新しく登場した港南台の古本屋と辻堂の古本屋も、まさしく古本屋らしい頑固な個性が出ていて魅力的。古本屋の主人って、けっこう怖い感じがするんですが(新古書店の若いスタッフとは違って)、最近はそんな店も少なくなってきましたか。大船にも5〜6軒あったのが、どんどんなくなっていき、ブックオフができてからほぼ殲滅されました。1軒復活したのが、本巻にも出てきた柏尾川沿いの古本屋の場所のイメージでしょうか。

本作に登場する本について、3話目の宮沢賢治「春と修羅」は、先日読んだ「宮沢賢治、ジャズに出会う」で出版当時の様子など知ることができていたので、より興味深く物語に入り込めました。2冊目の本探しは、あれしかないでしょう、と思いながらも栞子さんも大輔君もわからないというのが、え、世間ってそんなもんなの?と。
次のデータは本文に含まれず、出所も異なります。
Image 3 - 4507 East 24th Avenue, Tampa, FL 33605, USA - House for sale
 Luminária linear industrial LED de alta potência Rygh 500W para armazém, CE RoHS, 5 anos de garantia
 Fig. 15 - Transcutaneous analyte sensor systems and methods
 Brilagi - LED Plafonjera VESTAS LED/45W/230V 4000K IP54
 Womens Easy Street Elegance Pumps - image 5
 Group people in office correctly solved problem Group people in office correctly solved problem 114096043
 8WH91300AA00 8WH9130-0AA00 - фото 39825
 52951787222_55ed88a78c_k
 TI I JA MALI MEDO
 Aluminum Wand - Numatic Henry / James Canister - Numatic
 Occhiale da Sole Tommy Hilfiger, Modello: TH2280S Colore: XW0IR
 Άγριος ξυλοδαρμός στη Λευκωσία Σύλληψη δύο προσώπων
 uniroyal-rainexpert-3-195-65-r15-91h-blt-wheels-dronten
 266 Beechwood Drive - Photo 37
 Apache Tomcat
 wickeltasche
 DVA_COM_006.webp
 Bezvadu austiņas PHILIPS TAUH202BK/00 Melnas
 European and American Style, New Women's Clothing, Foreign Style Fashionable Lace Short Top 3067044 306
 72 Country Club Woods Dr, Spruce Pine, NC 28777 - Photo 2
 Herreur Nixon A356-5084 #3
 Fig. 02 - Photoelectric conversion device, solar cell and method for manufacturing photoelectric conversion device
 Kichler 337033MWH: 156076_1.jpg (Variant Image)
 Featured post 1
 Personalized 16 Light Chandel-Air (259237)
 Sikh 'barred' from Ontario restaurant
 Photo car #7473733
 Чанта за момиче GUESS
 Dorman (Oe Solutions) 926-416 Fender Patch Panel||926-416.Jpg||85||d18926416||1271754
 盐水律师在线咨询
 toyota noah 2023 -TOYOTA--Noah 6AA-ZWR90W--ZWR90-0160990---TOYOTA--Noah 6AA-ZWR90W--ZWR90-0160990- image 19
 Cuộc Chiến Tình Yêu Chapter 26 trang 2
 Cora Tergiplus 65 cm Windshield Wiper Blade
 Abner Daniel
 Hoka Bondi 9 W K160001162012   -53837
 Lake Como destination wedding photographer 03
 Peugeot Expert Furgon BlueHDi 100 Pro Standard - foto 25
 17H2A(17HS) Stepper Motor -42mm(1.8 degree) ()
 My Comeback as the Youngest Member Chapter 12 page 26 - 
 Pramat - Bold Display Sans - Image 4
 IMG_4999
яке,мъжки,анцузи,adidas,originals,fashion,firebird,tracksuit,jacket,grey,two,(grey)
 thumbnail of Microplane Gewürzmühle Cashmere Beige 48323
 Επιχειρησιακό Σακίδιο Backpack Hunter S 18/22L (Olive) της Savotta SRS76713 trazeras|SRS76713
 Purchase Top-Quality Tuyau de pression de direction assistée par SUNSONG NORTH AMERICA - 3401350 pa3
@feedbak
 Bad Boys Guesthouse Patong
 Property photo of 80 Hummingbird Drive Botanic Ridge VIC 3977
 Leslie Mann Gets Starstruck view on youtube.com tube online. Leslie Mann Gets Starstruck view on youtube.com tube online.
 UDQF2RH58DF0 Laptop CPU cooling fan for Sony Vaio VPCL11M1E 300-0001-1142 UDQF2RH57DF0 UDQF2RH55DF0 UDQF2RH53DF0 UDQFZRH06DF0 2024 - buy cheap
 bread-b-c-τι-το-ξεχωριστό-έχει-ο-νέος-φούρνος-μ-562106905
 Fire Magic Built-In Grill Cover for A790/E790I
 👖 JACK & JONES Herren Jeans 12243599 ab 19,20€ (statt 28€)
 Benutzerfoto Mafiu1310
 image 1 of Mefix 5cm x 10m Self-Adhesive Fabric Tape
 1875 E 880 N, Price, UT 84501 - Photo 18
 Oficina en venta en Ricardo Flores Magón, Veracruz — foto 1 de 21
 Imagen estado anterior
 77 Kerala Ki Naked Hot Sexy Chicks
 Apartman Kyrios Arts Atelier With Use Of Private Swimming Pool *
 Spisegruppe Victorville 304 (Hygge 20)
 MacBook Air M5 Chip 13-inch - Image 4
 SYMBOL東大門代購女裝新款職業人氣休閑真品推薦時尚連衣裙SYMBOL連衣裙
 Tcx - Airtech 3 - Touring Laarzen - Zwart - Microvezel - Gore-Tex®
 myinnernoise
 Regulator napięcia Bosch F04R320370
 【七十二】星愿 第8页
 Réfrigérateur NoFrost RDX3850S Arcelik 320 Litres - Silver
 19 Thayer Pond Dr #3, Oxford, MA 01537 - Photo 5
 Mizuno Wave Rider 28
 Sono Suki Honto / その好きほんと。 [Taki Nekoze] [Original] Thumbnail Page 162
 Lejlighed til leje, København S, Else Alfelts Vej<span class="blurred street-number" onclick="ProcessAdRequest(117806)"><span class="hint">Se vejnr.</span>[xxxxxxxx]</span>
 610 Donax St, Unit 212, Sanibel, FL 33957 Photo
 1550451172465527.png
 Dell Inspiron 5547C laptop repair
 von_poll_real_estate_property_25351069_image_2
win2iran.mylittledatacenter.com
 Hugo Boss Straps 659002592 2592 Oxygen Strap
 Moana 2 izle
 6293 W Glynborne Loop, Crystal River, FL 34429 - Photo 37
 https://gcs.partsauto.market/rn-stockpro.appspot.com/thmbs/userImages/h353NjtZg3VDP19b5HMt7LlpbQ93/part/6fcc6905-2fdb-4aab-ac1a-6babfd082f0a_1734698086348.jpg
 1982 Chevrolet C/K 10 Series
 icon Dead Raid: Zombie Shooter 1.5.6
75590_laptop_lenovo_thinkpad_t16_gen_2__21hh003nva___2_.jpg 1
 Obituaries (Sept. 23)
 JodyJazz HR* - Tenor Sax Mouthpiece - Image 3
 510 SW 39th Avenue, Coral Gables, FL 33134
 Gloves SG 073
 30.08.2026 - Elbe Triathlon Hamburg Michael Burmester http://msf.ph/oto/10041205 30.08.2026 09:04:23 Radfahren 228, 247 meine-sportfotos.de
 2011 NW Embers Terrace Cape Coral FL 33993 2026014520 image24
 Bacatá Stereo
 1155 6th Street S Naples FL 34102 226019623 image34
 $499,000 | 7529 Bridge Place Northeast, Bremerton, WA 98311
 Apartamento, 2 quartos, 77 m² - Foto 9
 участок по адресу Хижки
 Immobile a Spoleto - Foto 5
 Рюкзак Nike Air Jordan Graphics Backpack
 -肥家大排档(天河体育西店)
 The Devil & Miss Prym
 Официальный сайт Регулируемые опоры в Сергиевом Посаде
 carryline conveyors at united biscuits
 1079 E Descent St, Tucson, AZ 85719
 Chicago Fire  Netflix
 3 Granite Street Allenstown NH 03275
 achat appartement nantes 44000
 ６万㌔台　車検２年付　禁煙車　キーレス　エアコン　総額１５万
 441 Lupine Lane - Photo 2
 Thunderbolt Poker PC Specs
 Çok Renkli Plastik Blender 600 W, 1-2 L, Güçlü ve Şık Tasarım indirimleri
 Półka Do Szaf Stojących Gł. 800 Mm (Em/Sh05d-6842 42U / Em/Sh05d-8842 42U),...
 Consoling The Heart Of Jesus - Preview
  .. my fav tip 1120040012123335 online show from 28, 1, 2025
1冊目「タンポポ娘」はSF方面に疎いので知りませんでしたが、その本よりも冒頭に出てきた西谷祥子のマンガの方が懐かしくて反応してしまいました。
いずれにしても、古本をストーリーに使っていくのがうまいので、引き込まれます。私にも手放すことのできない本がたくさんありますが、そんな本を1冊ずつ取り上げれば、ひとつずつの物語が書けるのかもしれません。本は、それだけ人間と密接なものになるのでしょう。まぁ、そうしたものは本だけでもありませんか。

4巻も冬には出そうですし、栞子母さんもますます気になる展開、その正体は悪人なのか、破綻者か?それとももしかして…などと想像をめぐらせながら、先を楽しみに待ちたいと思います。